現状で親子の関係を否定する制度としては、養子縁組や嫡出否認などがあるものの、やはり「親子」の関係を完全に断ち切ることは出来ません。なお、6歳までの子供を対象とした特別養子縁組では親子関係はなくなりますが、これは「勘当」の概念とは全く異なります。

唯一、子供を排除できる制度として存在するのは、「推定相続人の廃除」でしょう。相続人となる者が、財産を残す者に対して虐待や重大な侮辱を与えるほか、激しい浪費癖があると家庭裁判所が認めると、当該人は遺産相続の権利を失います。これこそ現代版「勘当」と言えるのかもしれません。
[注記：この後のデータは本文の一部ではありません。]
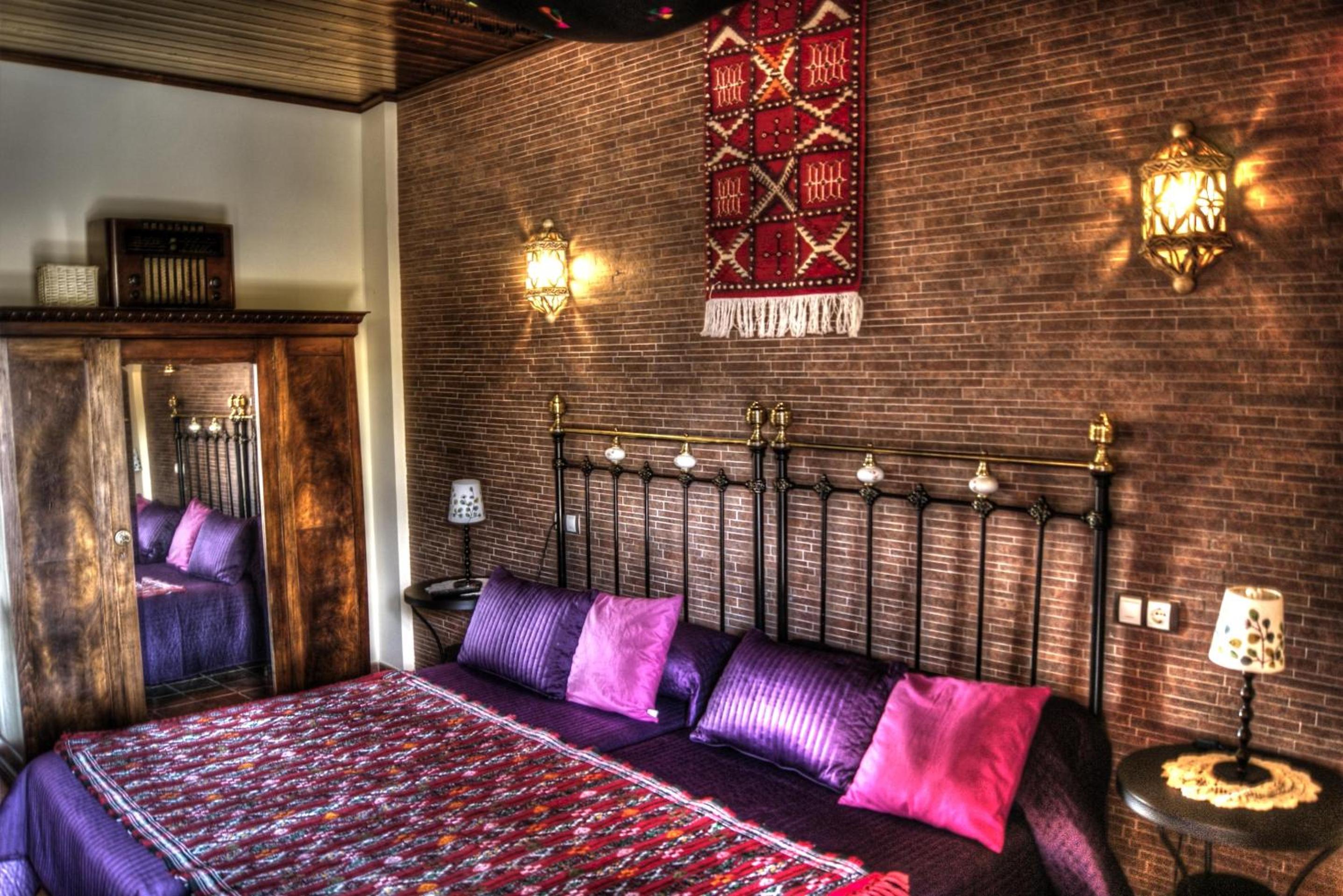 Double or Twin Room - Photo 14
なお、時代劇によくみられる「勘当」は江戸時代には制度として認められていました。奉行所に勘当届を提出することにより人別帳から外すことが可能となります。人別帳とは、現在でいうところの戸籍原簿や租税台帳にあたります。このリストから外された者は「無宿」となり、家督や相続の権利も剥奪されます。当該無宿者が罪人となっても、元の家族は連座から外されます。家族と家を守る為に将来に不安のある子どもを排除する狙いもあっみたいです。なお、人別帳では勘当された人の名前の部分に札が貼られたところから、「札付きのワル」の語源となっています。

明治に入っても旧民法や旧戸籍法では離籍のうえで復籍を拒む制度が認められ、戸主による「博当」ができる時代でした。